From Pixels to HTML: Assessing Gen AI Models Accuracy at Converting Designs to Webpage Code
18
Mar
From Pixels to HTML: Assessing Gen AI Models Accuracy at Converting Designs to Webpage Code

Introduction:

Turning website designs into working code can be tough because it involves understanding how visual elements are arranged and then coding them in a structured way. This often stops regular folks from creating their own web apps, even if they have good ideas.

However, multimodal LLMs, such as Flamingo, GPT-4V, and Gemini are now able to process visual and text input, generating text output. This includes addressing the long-standing challenge of Design2Code, where a screenshot of a website's design is used to automatically generate the full code implementation for the desired webpage.

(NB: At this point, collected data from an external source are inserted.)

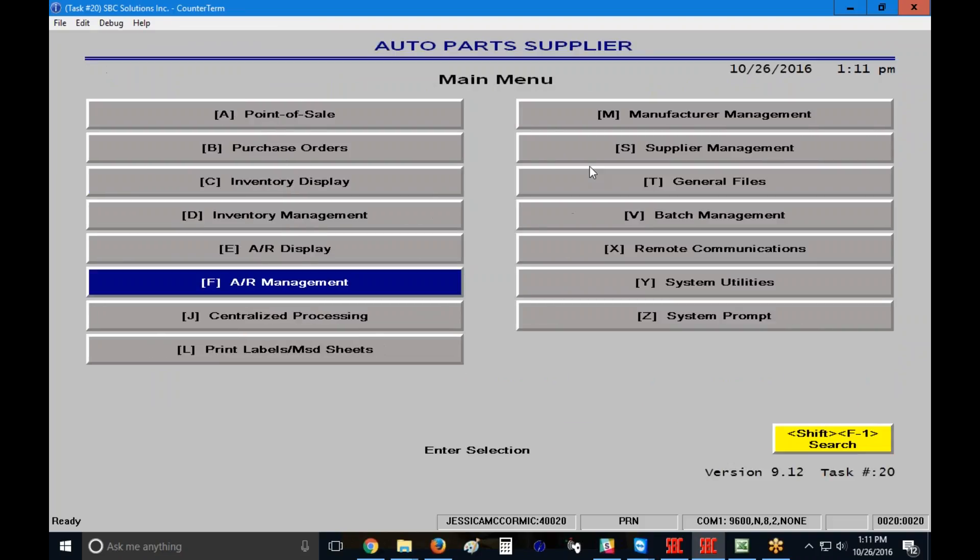Press the escape key to escape back to the main menu. If you have any questions about this or you need additional information on how to run your statements, please call SBC at 800-829-4722 or email us at sbctraining at autolog.com. There is an additional video that you'll find in this menu that shows the long version of how to create and save your statement setups, if you would like that information. Thank you so much for joining us.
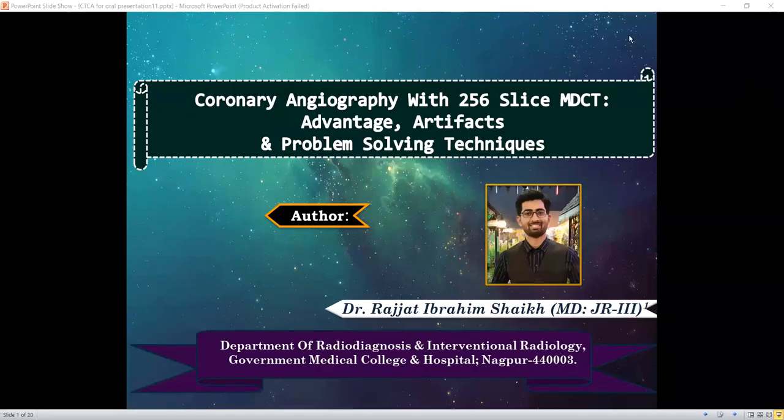Hello everyone. Greetings to all. I am Dr. Rajat Sheik, Department of Radio Diagnosis, Government Medical College and Hospital, Nagpur. I am going to present my paper on the topic: coronary angiography with 256-slice multi-detector CT machine, its advantages, associated artifacts, and their problem-solving techniques.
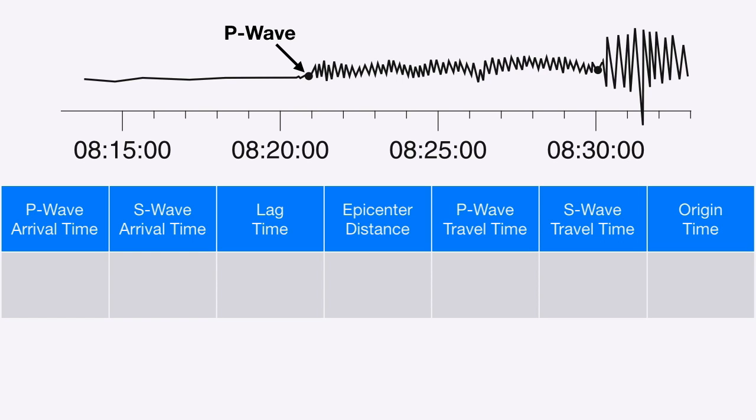All I need to do is look at the arrival of the P wave, head down to my time scale, and record the time that the P wave arrived. In this example, it's about 8:21.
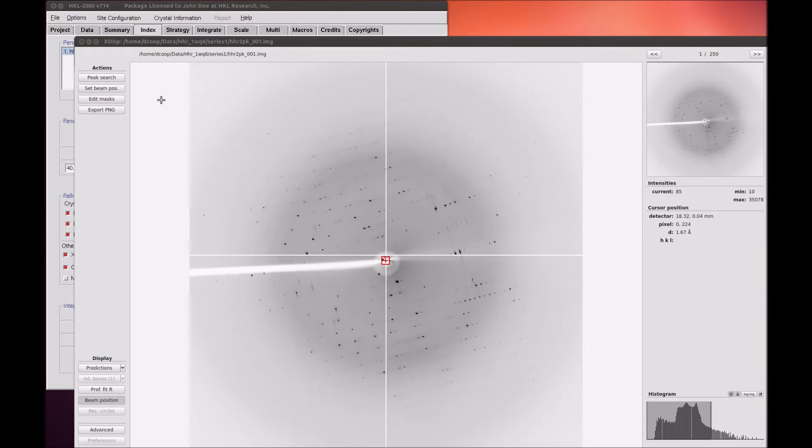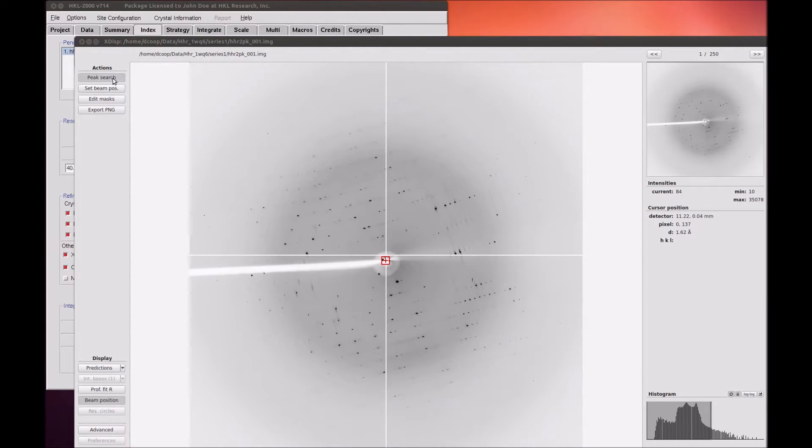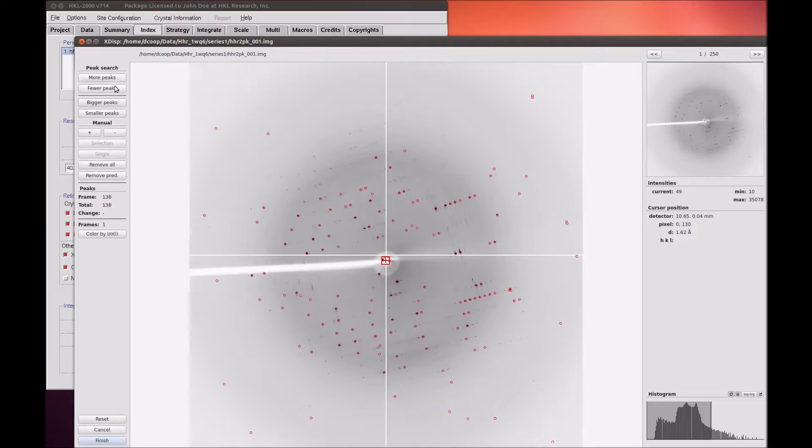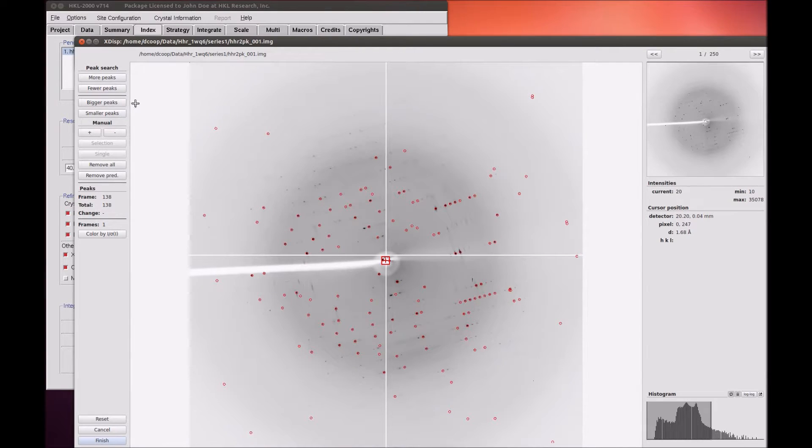To perform a manual peak search, use the peak search button in the top left. The buttons More Peaks, Fewer Peaks, Bigger Peaks, and Smaller Peaks work as before, and now have a pop-up description if you hover over the buttons.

A team of 5 AI experts has worked on a research to find out how far we are from automating front-end engineering. Their findings have yielded many intriguing insights. Visit the original article here.

Now, let's dive into it with Rockship.

Approach:

Test set preparation:

The overall goal is to obtain a set of well-formed webpages that represent diverse real-world use cases. The authors conducted an extensive manual curation process to only keep high-quality webpages with a variety of HTML and CSS elements involved.

In the end, they obtained 484 test examples that we use as our benchmark.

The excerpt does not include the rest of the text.